= Caroline A. Hall =

Caroline Arabella Hall (1838 – December 11, 1918) was one of the eight founders of the National Grange of the Order of Patrons of Husbandry, an American agricultural fraternal organization better known as The Grange or Grange Hall.

==Biography==
Hall was born in Boston in 1838 to Hepzibah and Nathanial Hall.

She played a key role in assuring that women would be on an equal footing with men from the first inception of the Grange movement, feeling that because the family farm included women, then so should the organization that the family would join. Aware through her rural teaching that farm women were usually isolated on the farm, she saw that the Grange would offer an important opportunity for women to expand their talents. She became Oliver Hudson Kelley's assistant (she was also his niece). It was through her attention to detail and correspondence that Kelley's dream became a reality in organizing the Grange. The National Grange later dignified her vital contributions to the formation of the Order by recognizing her as co-equal with the other seven founders, stating:

Caroline Arabella Hall should have been named among the Founders because of her great influence on the fundamental structure of the Order. It was she who insisted that, "Your organization will not succeed unless you give an equal place to women."

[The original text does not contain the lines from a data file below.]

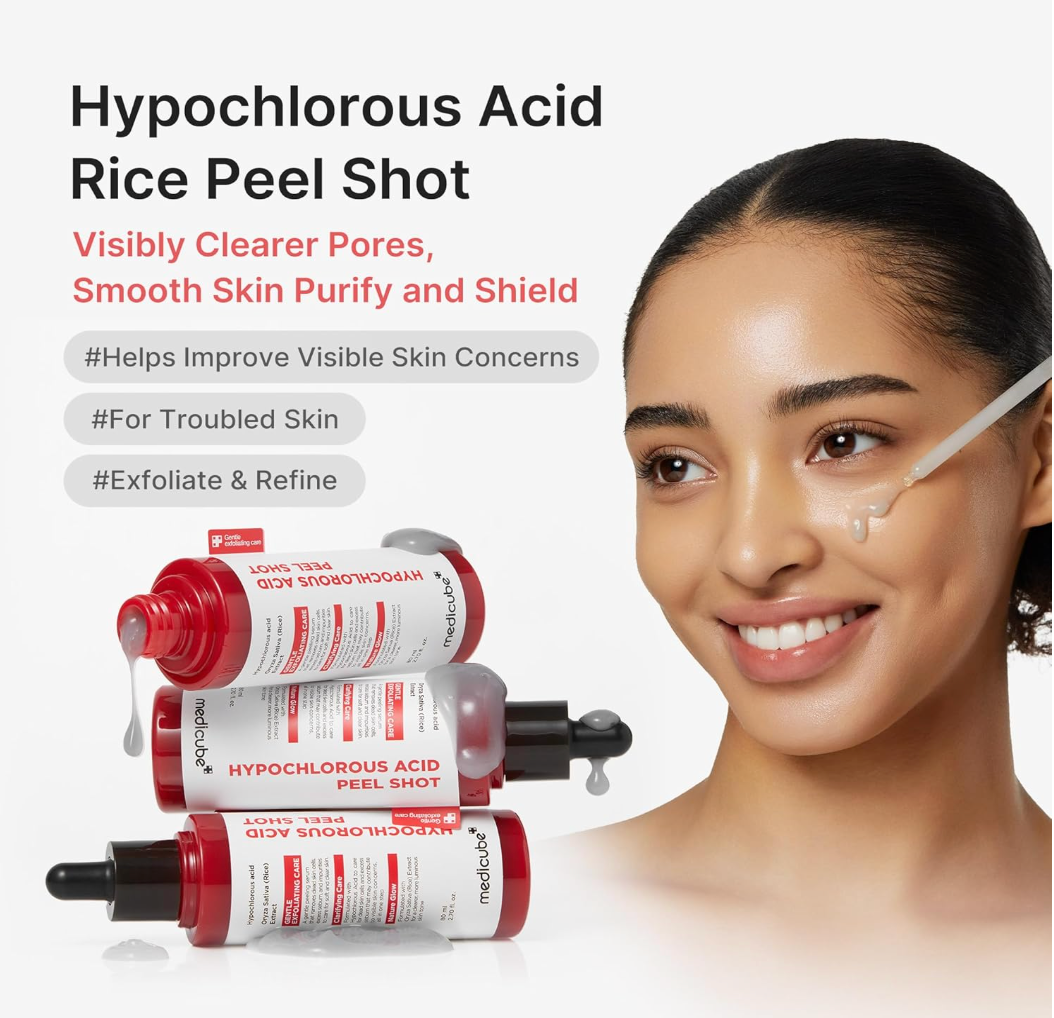 MEDICUBE Hypochlorous Acid Peel Shot 80ml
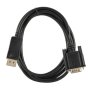 GIZZU Displayport To Vga Cable 1.8M Black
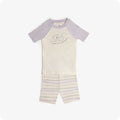 Marshmallow Bear Shorties Pajamas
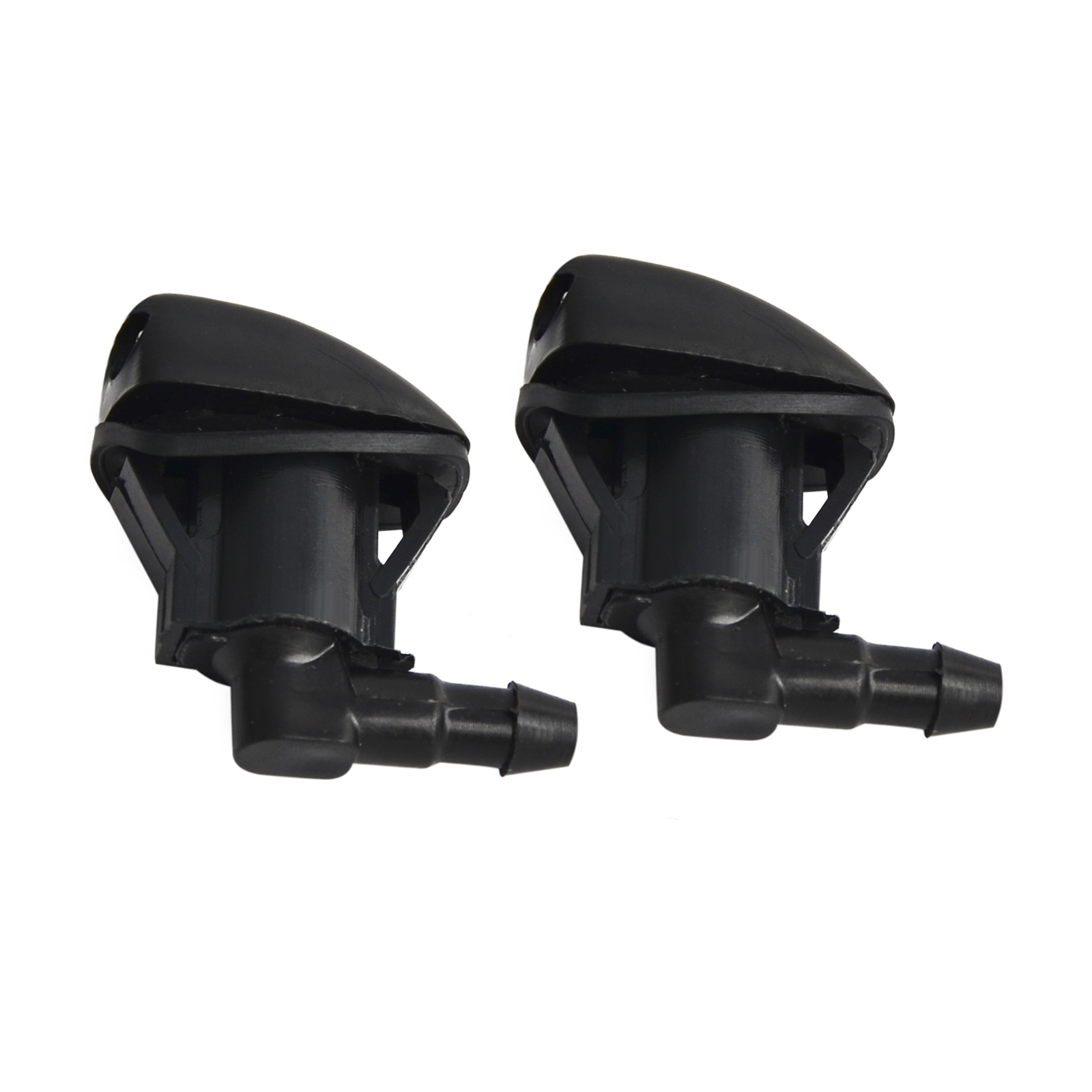 2PCS Windshield Wiper Spray Jet Washer Nozzle Fit Jeep Grand Cherokee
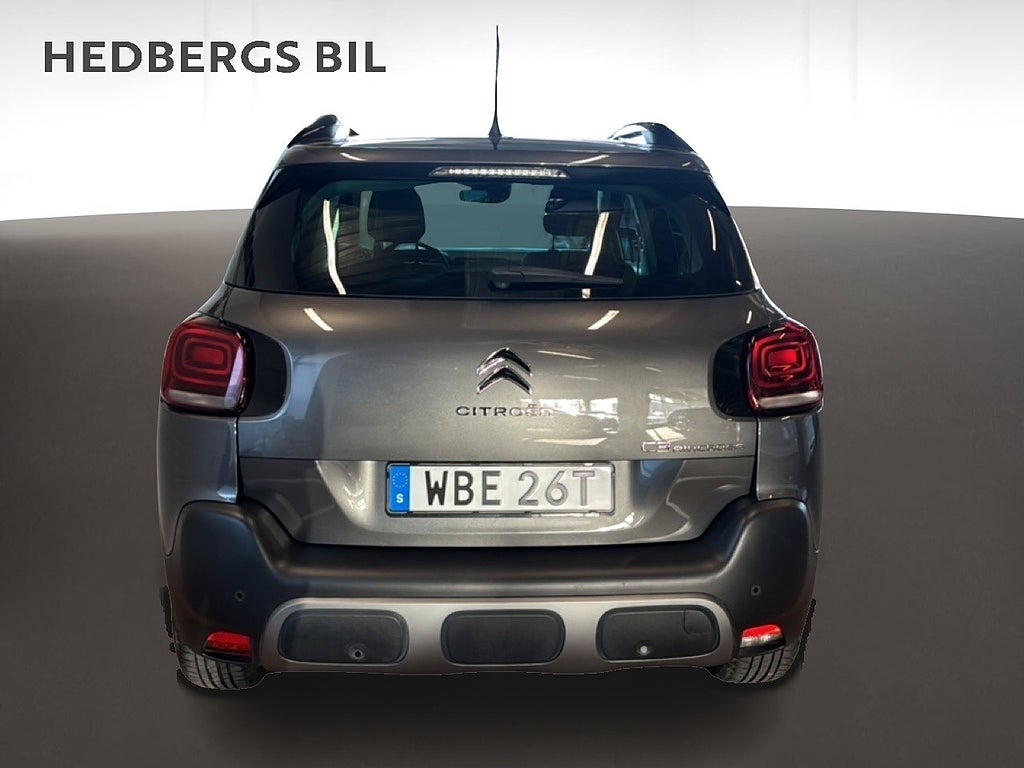 Citroën C3 Aircross Shine 1.2 PureTech 130HK thumbnail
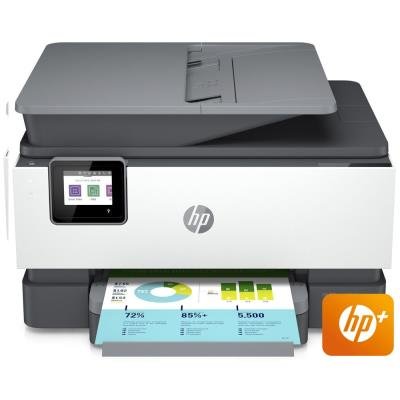 HP Officejet Pro 9012e/ PSCF/ A4/ 22ppm/ 4800x1200dpi/ USB/ LAN/ wifi/ duplex/ AirPrint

The city of Carrabelle, Florida, which was founded by her uncle in the late 1870s, was named after her. Hall also served as the town's first postmaster.

Hall lived with her brother, Albert R. Hall for many years on a farm near Knapp, Wisconsin, and inherited it on his death in 1905. Failing health caused her to move to an apartment in Minneapolis. On October 11, 1918, she was involved in an automobile accident near French Lick, Indiana, from which she never recovered, and she died at the age of 80 on December 11, 1918.

Hall was interred at Lake Wood Cemetery in Minneapolis. A friend said of her, "She just lived being sweet and lovely to everyone."

The eight founders of the Grange were Oliver Hudson Kelley, William Saunders, Francis M. McDowell, John Trimble, Aaron B. Grosh, John R. Thompson, William M. Ireland, and—recognized later than the other seven—Hall.